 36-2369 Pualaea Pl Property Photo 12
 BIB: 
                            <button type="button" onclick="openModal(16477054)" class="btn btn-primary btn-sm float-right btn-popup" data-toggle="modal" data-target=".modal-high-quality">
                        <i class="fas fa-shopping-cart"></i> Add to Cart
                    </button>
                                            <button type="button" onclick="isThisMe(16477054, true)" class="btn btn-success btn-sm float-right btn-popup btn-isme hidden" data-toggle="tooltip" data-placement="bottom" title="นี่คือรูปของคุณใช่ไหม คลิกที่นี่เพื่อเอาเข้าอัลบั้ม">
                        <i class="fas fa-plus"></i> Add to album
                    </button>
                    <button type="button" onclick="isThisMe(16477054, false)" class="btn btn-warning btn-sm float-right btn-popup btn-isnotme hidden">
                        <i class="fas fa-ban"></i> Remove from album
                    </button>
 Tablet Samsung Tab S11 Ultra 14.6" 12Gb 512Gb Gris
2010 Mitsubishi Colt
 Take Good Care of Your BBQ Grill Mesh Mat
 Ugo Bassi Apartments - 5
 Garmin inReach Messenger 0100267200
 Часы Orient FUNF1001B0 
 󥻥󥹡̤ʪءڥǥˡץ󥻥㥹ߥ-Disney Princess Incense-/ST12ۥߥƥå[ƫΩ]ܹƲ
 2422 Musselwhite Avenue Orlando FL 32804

--

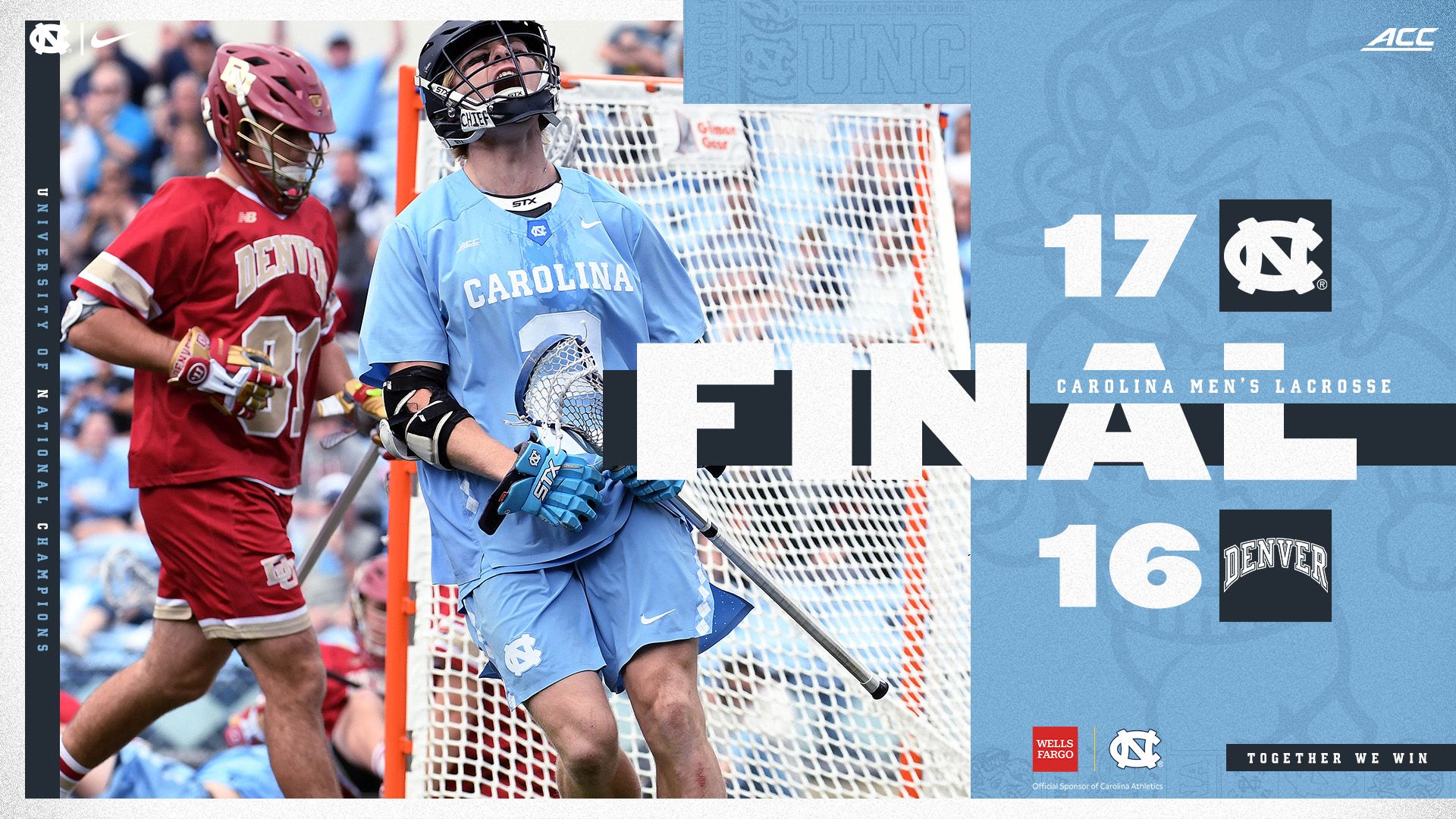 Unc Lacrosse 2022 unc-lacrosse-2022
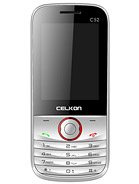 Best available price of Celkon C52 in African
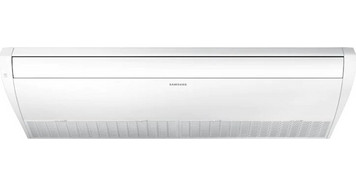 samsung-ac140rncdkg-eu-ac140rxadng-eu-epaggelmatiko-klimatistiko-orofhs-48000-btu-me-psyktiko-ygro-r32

■ WORK REQUIRED: After locating the line with "Часы Orient FUNF1001B0" above, return that line and every later line through the one with "2422 Musselwhite Avenue Orlando FL 32804", word for word and with nothing else.

■ YOUR SOLUTION:
 Часы Orient FUNF1001B0 
 󥻥󥹡̤ʪءڥǥˡץ󥻥㥹ߥ-Disney Princess Incense-/ST12ۥߥƥå[ƫΩ]ܹƲ
 2422 Musselwhite Avenue Orlando FL 32804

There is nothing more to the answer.